Being a parent to a multiracial child when you yourself are not a racial minority actually sounds like a fascinating topic for a dissertation. And if there was ever a time when a white person should seriously come to terms with their privilege it would be when raising a non-white child! 

So after reassuring us that she is "advocating for our multiracial children, not worrying about how white privilege, if there is such a thing, is impacting us," she continues by dismissing the landmark essay White Privilege: Unpacking the Invisible Knapsack by Peggy McIntosh. She also attempts to discrediting some more scholars about their studies on race relations in this country based on...well, absolutely nothing except probably that Urban Dictionary definition.
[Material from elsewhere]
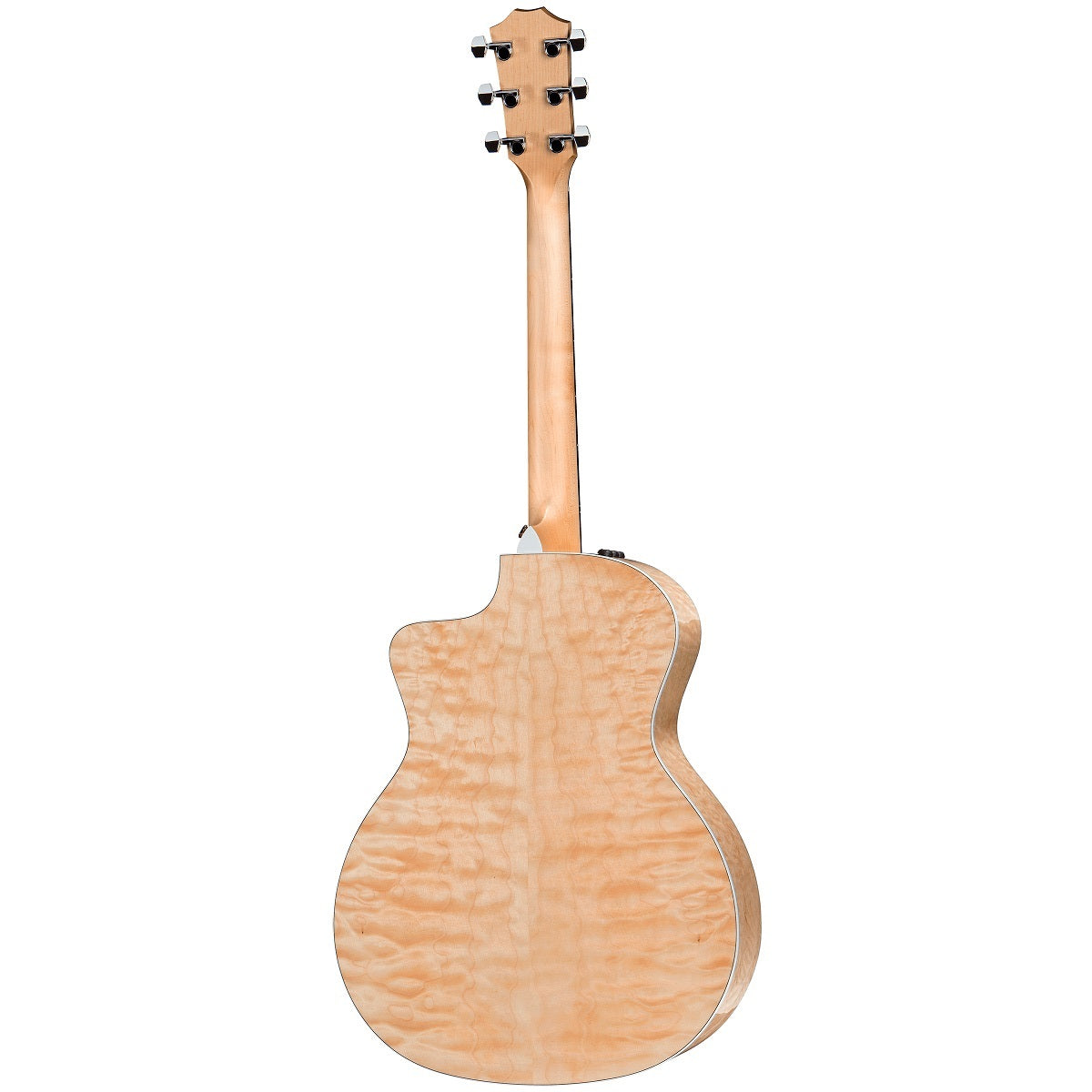 Taylor 214ce-QM DLX Special Edition Grand Auditorium Acoustic Electric Guitar with Case (214 ce-QM DLX)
She winds down her post with the following statement.

If the goal of some of the academics is to make us white folks feel discriminated against, maybe it’s working, but that’s different from making us feel guilty for being white. No one will ever make me feel guilty about being a white woman leader in the multiracial advocacy movement.
 
There are so many things. First, to imply that a discussion of white privilege is somehow "discrimination" against white people is not only ludicrous but highly offensive. Second, to imply that some of the most important scholars on race relations in this country are making up white privilege to just pick on white people is equally as ludicrous and offensive. 
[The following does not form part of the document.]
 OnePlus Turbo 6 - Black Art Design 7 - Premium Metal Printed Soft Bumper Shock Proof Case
Acknowledging white privilege does not mean you need to feel guilty about being white. Having privilege doesn't mean your life is a piece of cake or that you don't have struggles or that you didn't earn anything you have. Having privilege doesn't negate the hard work and sacrifice of your family or your ancestors. Having privilege doesn't mean that you can't advocate on behalf of those who have less privilege.  
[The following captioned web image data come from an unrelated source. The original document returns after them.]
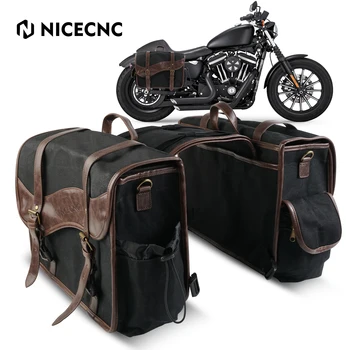 NICECNC мотоциклетът седельная чанта водоустойчива странични чанти голям капацитет вощеные трактор преглед чанти за Harley Honda, Yamaha, Suzuki ATV Мото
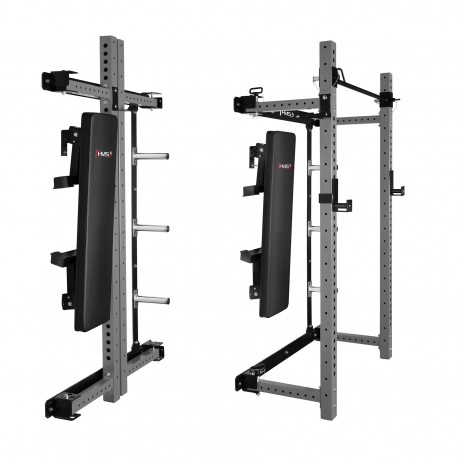 Aparat multifunctional pliabil POWER RACK HMS KLT34, Gri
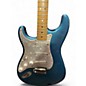 Used 2009 Fender MIM Standard LH Stratocaster Blue Solid Body Electric Guitar thumbnail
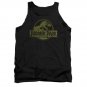 Jurassic Park Distressed Logo Tank Top Black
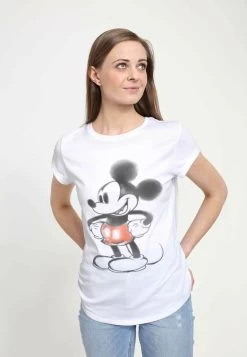 Disney Classic Mickey Mickey WateryT-Shirt Con StampaWhite Donna T-shirt E Top H3A21E047-A11 -Disney 72f1b19b298a44c7bcd75b4e046ad123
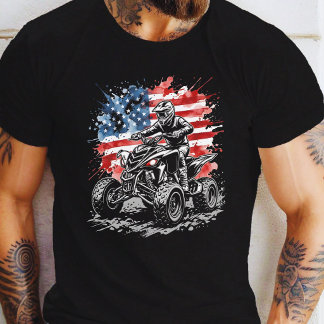 Patriotic ATV Quad Rider  T-Shirt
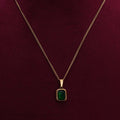 Everyday Exquisite Green Stone Gold Necklace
And I feel bad if this person has felt like people have questioned her leadership of a multiracial advocacy organization because she's white. That is wrong. 

However.  

She cannot claim to be the voice of racial minorities without acknowledging the ways she (as a white person) benefits from the system that makes multiracial advocacy necessary in the first place. As a biracial person, it is completely unacceptable to me that someone who claims to be an advocate for the multiracial community would openly proclaim that she not only doesn't believe that white privilege even exists but that it is not a necessary part of the conversation in multiracial advocacy. This is the comment this woman wrote back to me when I challenged her about her position:
We can easily have a discussion of multiracial advocacy without a conversation on white privilege if some academic and academic librarians would let it go.
This was part of my response:
The fact that you can deny white privilege is actually the most incriminating evidence of the fact that you have it. You may be able to dismiss it, but for racial minorities we live with the realities of white privilege every day.
Like I stated earlier, I've had to come face to face with my own privilege. And sometimes it's been painful. And sometimes it's easier to get defensive and brush it off. Because I can. Because I have the privilege to do so. But that's not the right thing to do. I've openly and honestly shared about I believe that black/white biracial women need to understand and recognize our own Light-Skinned privilege if we are going to be true advocates for issues concerning black women. Because I agree with Dianna when she says that understanding privilege is a crucial and necessary part of social justice.

I'm sure that this woman has done wonderful things for the multiracial community. I'm sure she loves her multiracial son and wants him to be considered equal in society. I'm sure that she probably doesn't realize the harm she is doing by promoting denial of white privilege and belittling those who would dare to challenge her.

And I'm also sure, with every biracial bone in my body, that I don't want her speaking for me.